Problem ▸ Among the entries below, find every line that contains the string "image", then copy it.

BEGIN

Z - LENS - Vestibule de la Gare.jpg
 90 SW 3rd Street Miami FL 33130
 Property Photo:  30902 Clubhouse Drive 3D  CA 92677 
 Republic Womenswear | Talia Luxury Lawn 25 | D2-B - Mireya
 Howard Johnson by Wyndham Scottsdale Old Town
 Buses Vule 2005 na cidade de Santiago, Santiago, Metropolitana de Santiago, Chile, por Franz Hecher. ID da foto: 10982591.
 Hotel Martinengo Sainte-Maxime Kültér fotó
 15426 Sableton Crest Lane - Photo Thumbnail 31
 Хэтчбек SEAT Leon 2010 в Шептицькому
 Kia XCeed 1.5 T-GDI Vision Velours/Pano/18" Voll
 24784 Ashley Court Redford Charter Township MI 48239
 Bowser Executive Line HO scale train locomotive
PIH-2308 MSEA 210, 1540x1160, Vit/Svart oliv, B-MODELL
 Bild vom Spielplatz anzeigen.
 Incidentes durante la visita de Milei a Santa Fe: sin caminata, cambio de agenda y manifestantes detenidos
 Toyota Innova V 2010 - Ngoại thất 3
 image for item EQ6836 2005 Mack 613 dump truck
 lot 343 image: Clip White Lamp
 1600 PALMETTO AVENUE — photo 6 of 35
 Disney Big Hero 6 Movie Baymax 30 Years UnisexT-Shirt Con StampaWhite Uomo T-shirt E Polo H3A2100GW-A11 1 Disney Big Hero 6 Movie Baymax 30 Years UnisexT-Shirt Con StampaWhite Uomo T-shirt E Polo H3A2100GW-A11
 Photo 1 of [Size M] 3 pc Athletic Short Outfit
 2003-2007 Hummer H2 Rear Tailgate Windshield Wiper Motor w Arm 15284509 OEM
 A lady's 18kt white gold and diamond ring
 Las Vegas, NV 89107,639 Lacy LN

END

Exercise result ▸
 image for item EQ6836 2005 Mack 613 dump truck
 lot 343 image: Clip White Lamp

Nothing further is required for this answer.